_Data below:_
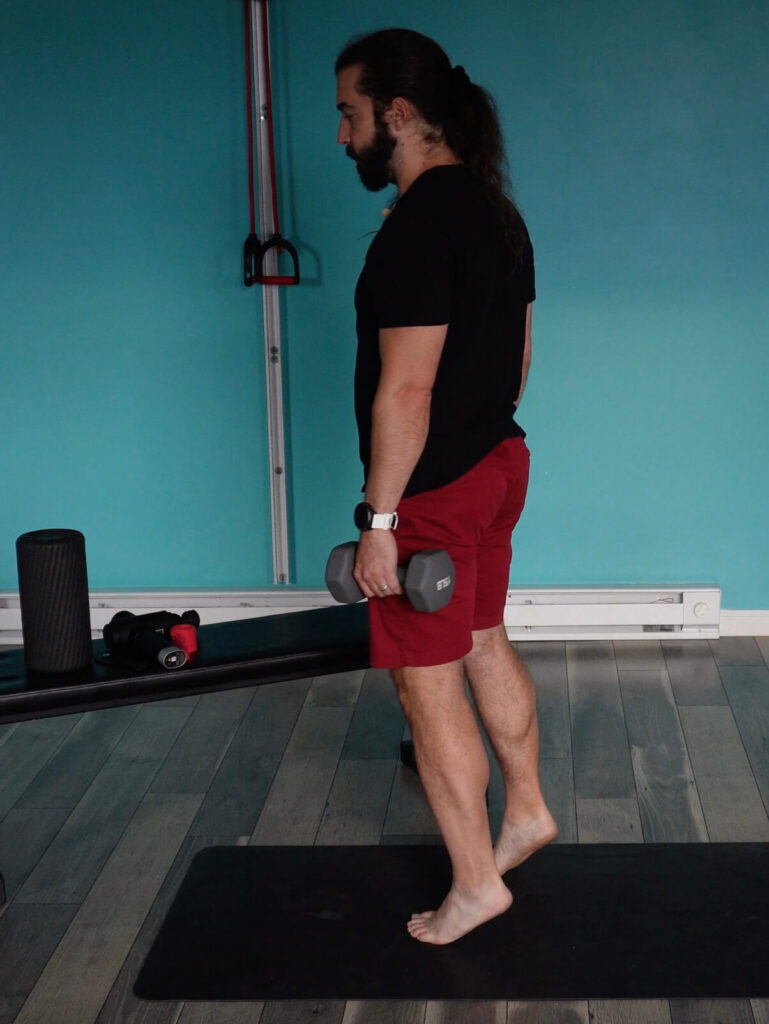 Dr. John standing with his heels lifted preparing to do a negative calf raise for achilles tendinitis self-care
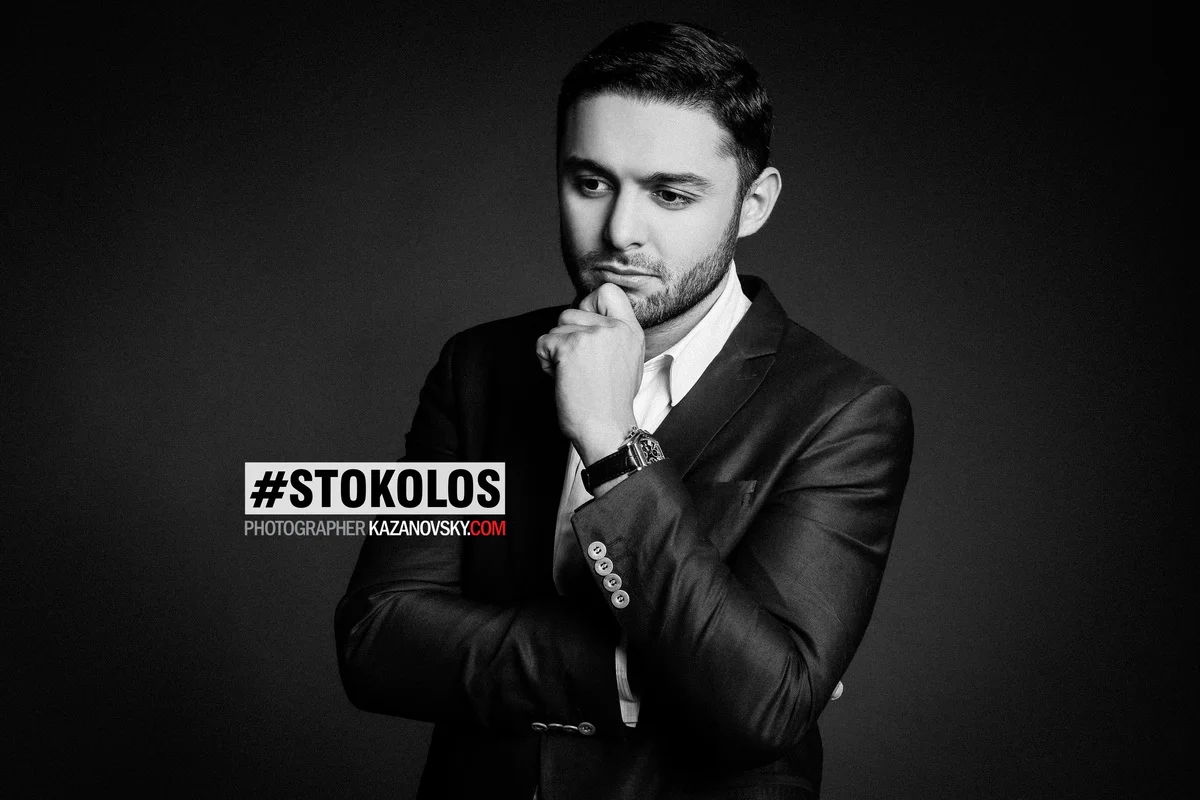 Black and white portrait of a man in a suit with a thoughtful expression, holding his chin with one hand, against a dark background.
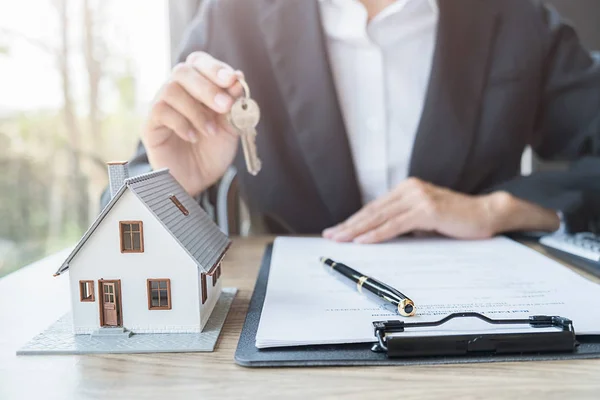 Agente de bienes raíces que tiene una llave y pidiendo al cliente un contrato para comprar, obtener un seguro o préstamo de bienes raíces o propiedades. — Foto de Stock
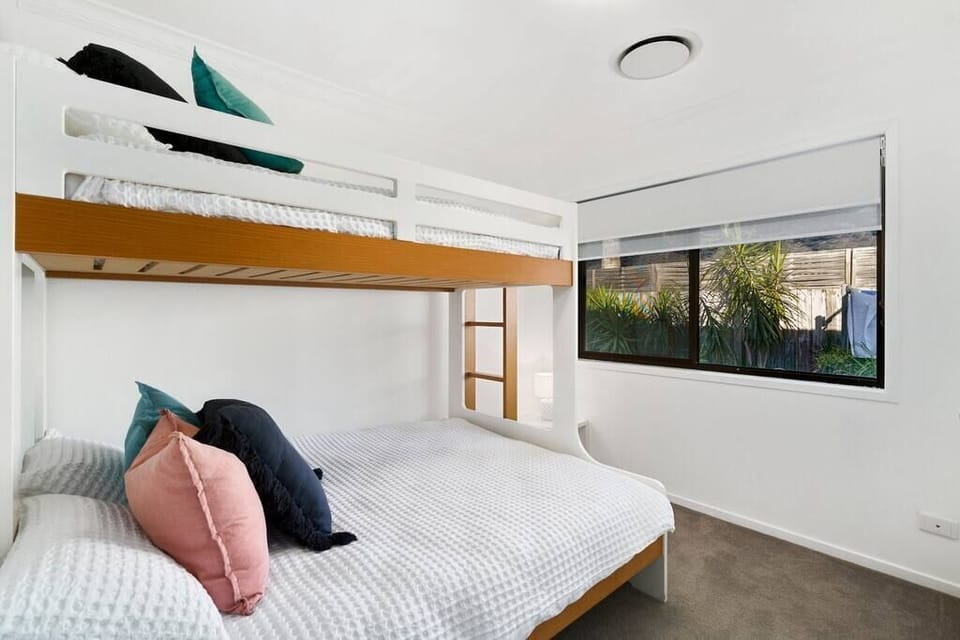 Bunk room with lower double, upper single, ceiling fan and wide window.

_Required action:_
Leave every image out, and retype the material exactly.

_Answer to this problem:_
 Dr. John standing with his heels lifted preparing to do a negative calf raise for achilles tendinitis self-care
 Black and white portrait of a man in a suit with a thoughtful expression, holding his chin with one hand, against a dark background.
 Agente de bienes raíces que tiene una llave y pidiendo al cliente un contrato para comprar, obtener un seguro o préstamo de bienes raíces o propiedades. — Foto de Stock
 Bunk room with lower double, upper single, ceiling fan and wide window.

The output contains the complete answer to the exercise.